3 thoughts on “Kepa Junkera in the Market of Gernika”

  1. This guy is amazing to say the least.He plays with musicians from all around the world and you can hear it in his music.
    My Mother sent me his first CD and when I was reading the credits I saw that Bella Fleck was playing Banjo. Well, Bella is to the Banjo what Kepa is to the accordion,an artist with an instrument.Kepa seems to get the best out of all the talent he has around him.
    I even named my Great Pyrenees puppy Kepa.He has his own talents.

  2. Hey there, you should know better than to just call it an “accordion”. That’s a “Trikitixa” (tricky TEE sha), or “Triki” for short. Take a bit more pride in the instruments of your heritage and make the effort to educate your public, please.

    Besides being played with buttons instead of keys, the triki is diatonic, meaning there’s a range of notes on the push of the bellows and another (as I recall) on the pull, making for some intense playing in the hands of a master like Kepa Junkera or Joseba Tapia (of Tapia eta Leturia “fame”, look ’em up).

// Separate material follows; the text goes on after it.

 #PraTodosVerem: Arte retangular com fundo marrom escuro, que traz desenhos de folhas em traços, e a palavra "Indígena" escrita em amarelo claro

    The “first” CD alluded to by Mr. Garatea, “Bilbao 00:00h (Zero Hora)” was certainly Kepa’s first released in the US, and a magnificently electic mix of jaw-dropping playing it is, but it’s really his 8th under his own name, outside of several as a contributing member of the iconic and eclectic “folk” group Oskorri (another must-hear, folks). Of these earlier releases, I can heartily recommend looking for “Kalejira Al-buk” for some cooking melodies that really stretch the boundaries of “folk” or “world” music (as later did “Bilbao 00:00h”), and the superb duet album he did with Portuguese mandolin maven, Julio Pereira, “Lau Eskutara” (‘With Four Hands’).

    Since Amazon isn’t exactly helpful (nor anywhere near as “international” as it pretends to be) when looking for such Basque obscuria, have a gander over at cdroots.com or, interestingly enough, on the “Espa├▒a” side of the iTunes Music Store (if you’re using iTunes), where you can also get a taste of the ear candy in store (check out the title tune of “Kalehira” and “Senora Moca” from “Lau” above).

    Having a peek around over on iTMS Spain, I see you can also download almost the entire Oskorri catalog as well (though over 17 years old now, “Badok Hamahiru” is a GREAT place to start), and the two remarkable CDs Kepa made with Alboka reviver/player Ibon Koteron.

    Note also that the two lads who used to accompany Kepa in his band on the Txalaparta (the boards played with sticks seen in the video) recorded a couple of CDs under their own name of “Oreka TX”. Hot stuff if you’re into new audio experiences. I think they can also be found in a few clips on YouTube, so be sure to have a look around.

    Anyway, sorry to be long-winded about this, but there’s a lot of treasure out there waiting to be discovered by the adventurous among you.

    Happy hunting,

    A.

  3. Thanks for the clarification Adam. You are right, I should have gotten that correct. Thanks for the very nice post, I appreciate it!